Start of Material provided

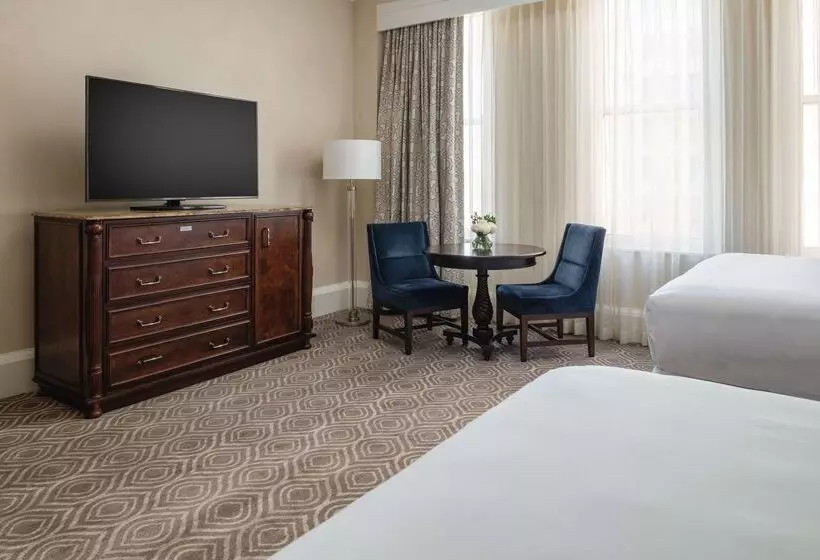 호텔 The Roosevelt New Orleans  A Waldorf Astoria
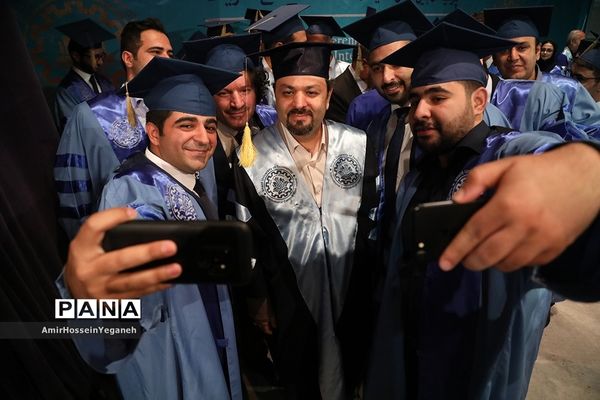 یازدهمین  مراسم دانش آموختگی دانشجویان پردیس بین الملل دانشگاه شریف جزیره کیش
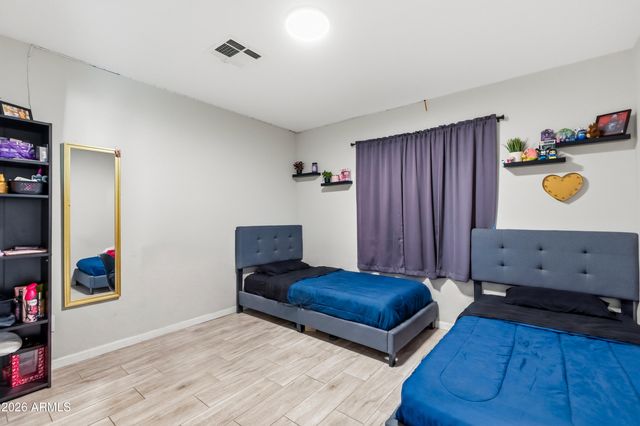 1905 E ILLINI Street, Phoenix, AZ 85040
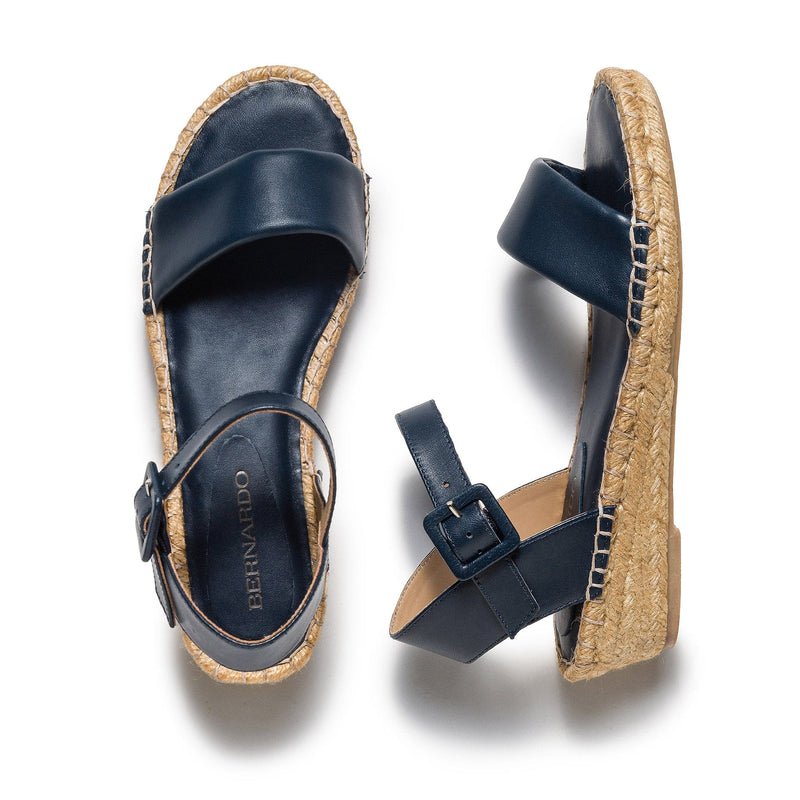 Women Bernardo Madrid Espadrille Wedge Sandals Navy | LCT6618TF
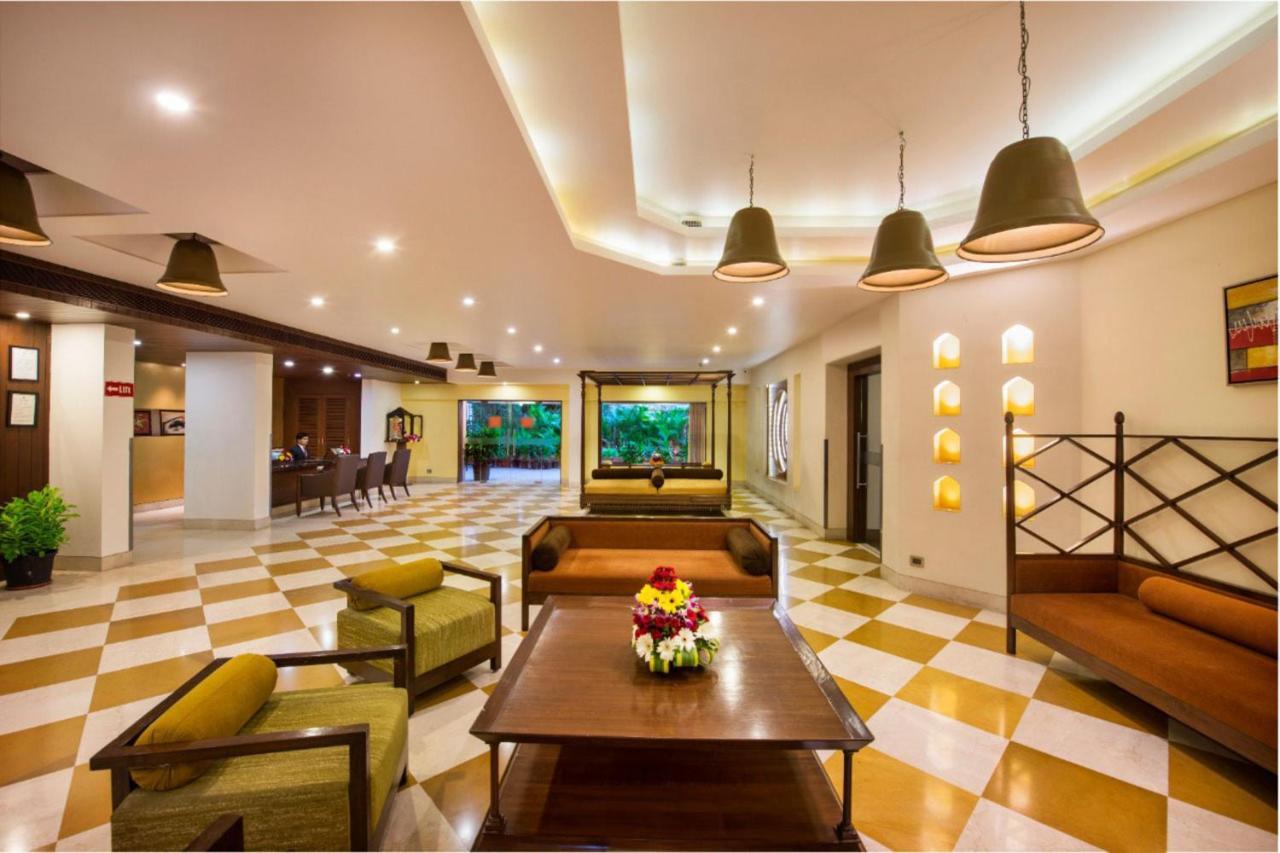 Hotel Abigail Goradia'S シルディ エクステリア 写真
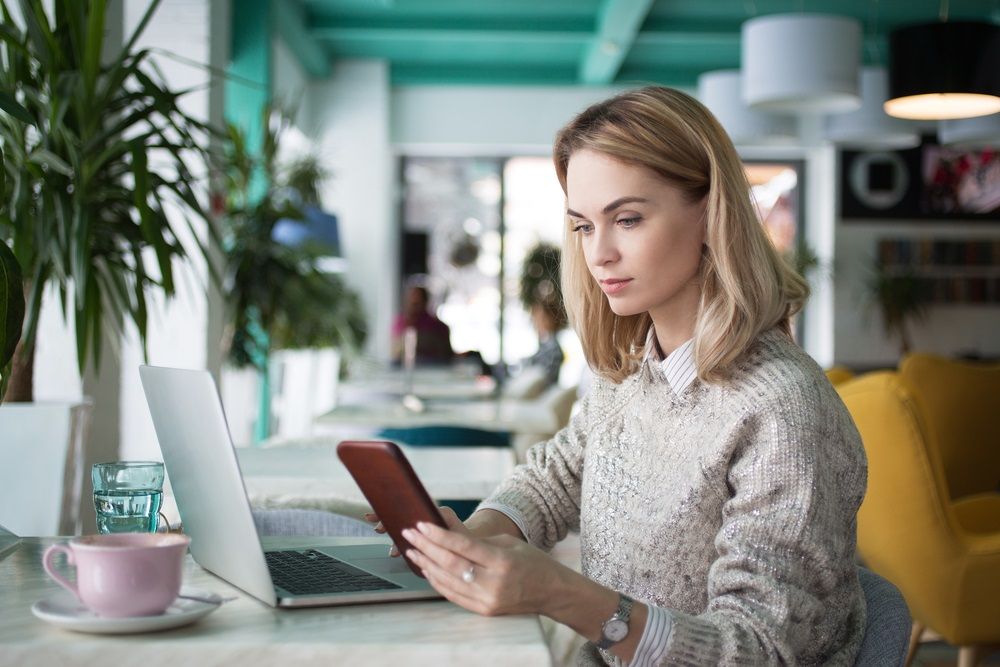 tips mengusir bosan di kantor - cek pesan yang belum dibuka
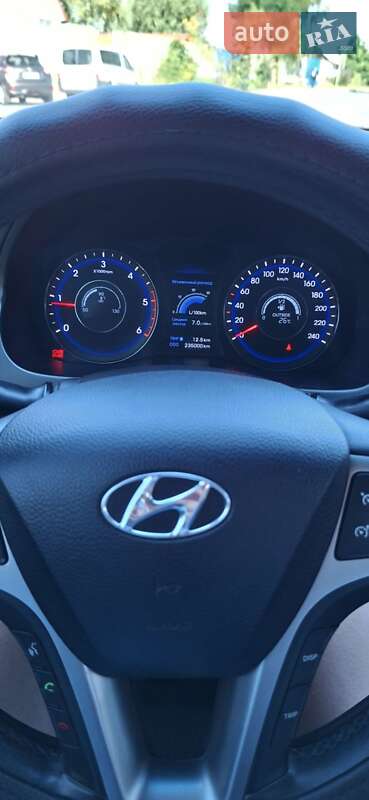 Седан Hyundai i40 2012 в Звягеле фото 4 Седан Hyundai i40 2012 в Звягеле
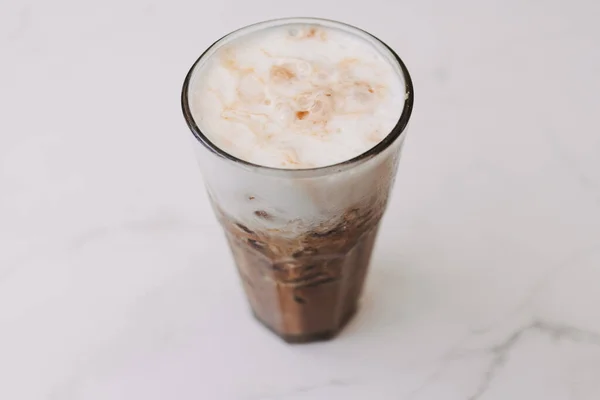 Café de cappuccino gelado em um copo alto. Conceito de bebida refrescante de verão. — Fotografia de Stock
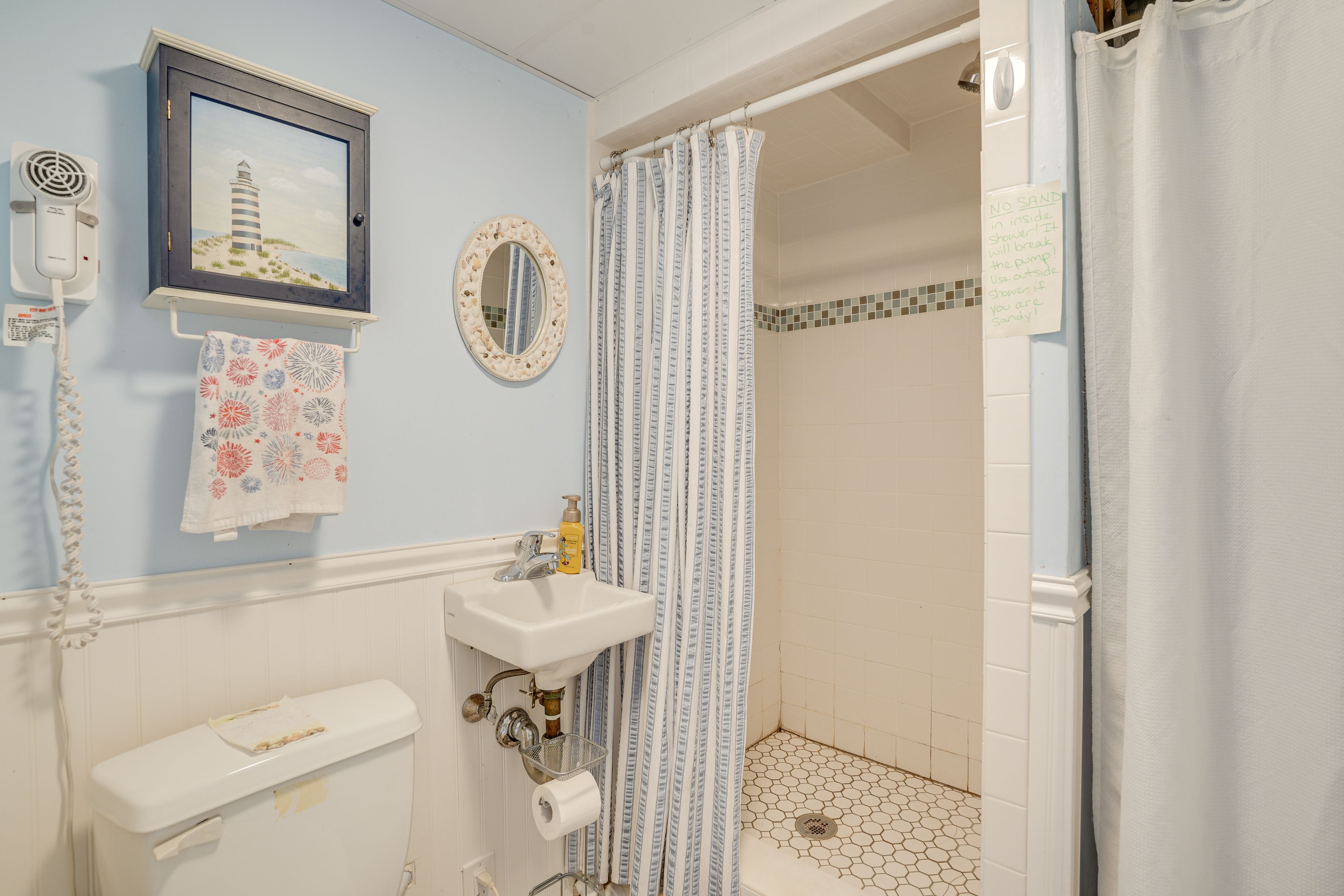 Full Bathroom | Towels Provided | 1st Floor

End of Material provided

* [What is required]: Output only the lines running from the line with "1905 E ILLINI Street, Phoenix, AZ 85040" through the last line of the entries above, inclusive, with pictures excluded.

* [Exercise answer]:
 1905 E ILLINI Street, Phoenix, AZ 85040
 Women Bernardo Madrid Espadrille Wedge Sandals Navy | LCT6618TF
 Hotel Abigail Goradia'S シルディ エクステリア 写真
 tips mengusir bosan di kantor - cek pesan yang belum dibuka
 Седан Hyundai i40 2012 в Звягеле фото 4 Седан Hyundai i40 2012 в Звягеле
 Café de cappuccino gelado em um copo alto. Conceito de bebida refrescante de verão. — Fotografia de Stock
 Full Bathroom | Towels Provided | 1st Floor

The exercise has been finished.